China detains dozens of rights lawyers: Amnesty

BEIJING - At least 50 Chinese human rights lawyers and activists have been detained or questioned in recent days in an "unprecedented" police swoop, rights groups said Saturday, with around 20 still feared to be held.

"More than 50 lawyers and activists were targeted by police in a nationwide crackdown," Amnesty International said in a statement.

"All the individuals missing since the crackdown began on Thursday 9 July are well-known for their work on human rights cases," it added.

The best known was Li Heping, who was taken away from his home on Friday after what the New York Times described as a police search and the seizure of his computers.

Li had defended blind dissident Chen Guangcheng after Chen infuriated authorities in Shandong province by exposing forced abortions and sterilisations under China's one-child-only policy.

The scale of the clampdown on the legal profession began to emerge when a friend of lawyers and staff at a single Beijing law firm known for its human rights casework said at least five had been detained in the last couple of days.

"(They) were taken away by police for some 'investigation'... and they were not accused yet," fellow lawyer and close associate Zhang Qingfang told AFP.

All worked at Beijing Fengrui, a legal practice most recently in the news for taking on the case of Zhang Miao, a Chinese journalist detained for nine months after helping a German magazine report on democracy protests in Hong Kong.

Zhang's brother and a family friend said state security had detained her lawyer Zhou Shifeng on Friday, the day of her release, covering his head as they hustled him out of a Beijing hotel.

Fears were also raised for Wang Yu, another prominent Chinese rights defender at the firm, who had texted friends on Thursday to say her Internet connection was severed, before adding that unknown individuals were attempting to break into her home.

A legal assistant of Zhou's and an accountant at the firm had also disappeared along with the two lawyers, Zhang said.

Amnesty said earlier at least seven people working at the firm were known to be in the hands of the authorities or had failed to make contact with relatives in recent days.
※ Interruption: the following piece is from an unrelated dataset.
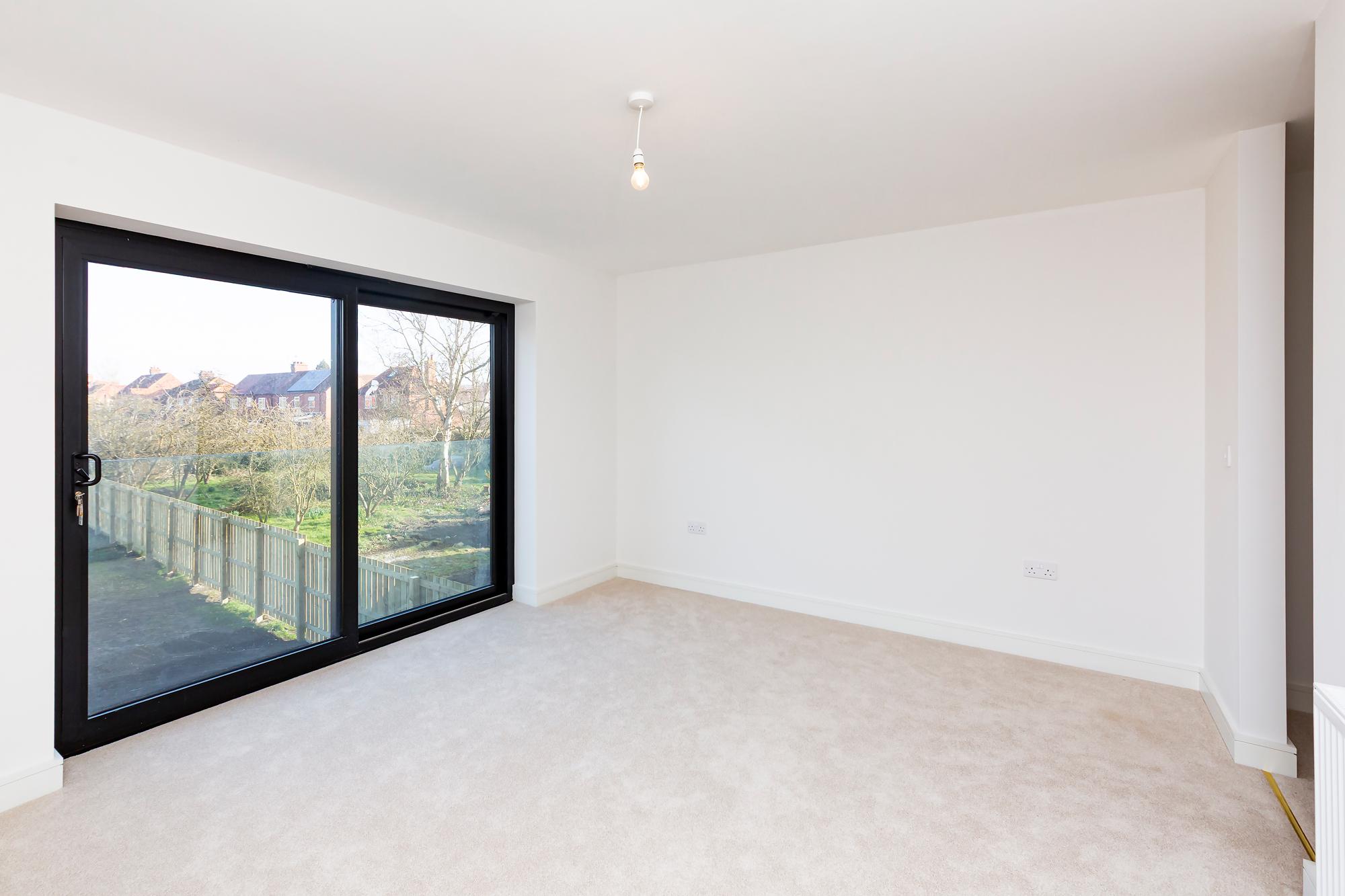 Pearmain House Garths End, Pocklington, York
"Wang Yu disappeared the day before yesterday, and no one has any indication where she is now," William Nee, a Hong Kong-based researcher for Amnesty, told AFP.

National crackdown

A wide-ranging crackdown on dissent has been under way since President Xi Jinping took office two years ago, with scores of government critics detained and dozens jailed.
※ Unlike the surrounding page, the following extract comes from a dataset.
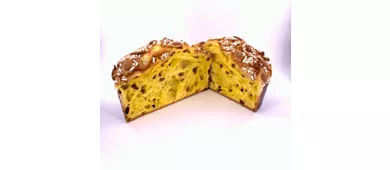 Pasticceria Incerti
Lawyers in Beijing, Guangzhou and Shanghai were all targeted, Amnesty said, but it was often difficult to ascertain whether they had been detained, taken in for questioning or had gone into hiding.
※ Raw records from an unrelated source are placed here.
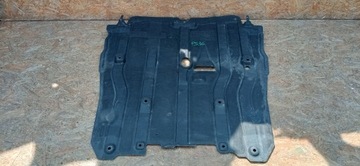 фото thumb №11, Renault megane iv 4 16- плита захисна захист pod двигун 758308281r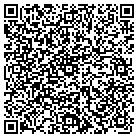 QR code with Davis & Vines Design Studio contacts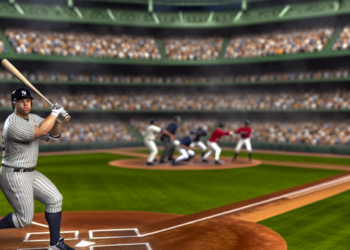 Los yankees son acusados de modificar sus bates para buscar cuadrangulares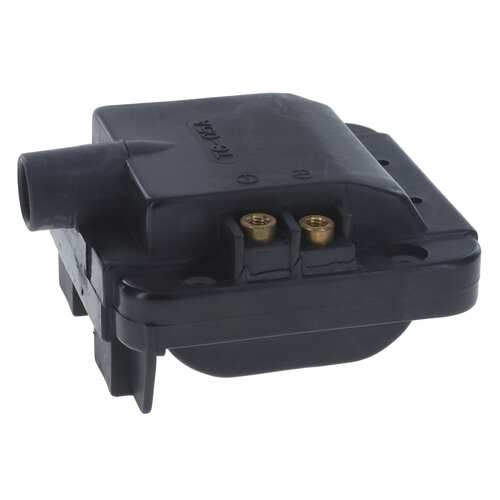 MOTORAD auto part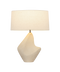 Huntly Table Lamp
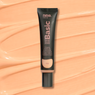BASE LíQ. BASIC COR 02 - NINA MAKEUP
"We've seen detentions or people being disappeared or having their freedom of (movement) curtailed in many cities all around China. Clearly it is a nationwide crackdown. The most recent estimate we have is 48 people," Nee said.

One Beijing-based lawyer, Zhang Kai, sent a message that simply read "police have come", according to Amnesty, with relatives left in the dark ever since.

Another apparent victim was Liu Xiaoyuan, who has defended controversial artist Ai Weiwei and jailed Uighur intellectual Ilham Tohti. He had been tailed by agents, Amnesty said, until his family lost contact with him.

Meanwhile in the southern province of Guangdong, lawyer Sui Muqing was arrested on Friday for "picking quarrels and provoking troubles", Amnesty said, citing his wife.

The vague charge is increasingly used for a variety of public order offences and against activists who fail to toe the line of the authorities.

'Planned in advance' 

The Chinese Communist Party has repeatedly imprisoned those who openly challenge its right to rule or have protested publicly.

In an unusual admission, its state-run media said in December that torture by police to extract confessions is "not rare".

The timing of the police action was not a coincidence, prominent civil rights lawyer Li Fangping told AFP. "It goes further (than one firm)," he said. "(It was) planned in advance by the government".

Authorities have cracked down on activists, increased censorship of the media and Internet, and rolled out tough measures to confront what it labels "terrorism" in the far-western region of Xinjiang.

Despite the administration's emphasis on the "rule of law", the justice system is heavily weighted in favour of the authorities and the Communist Party.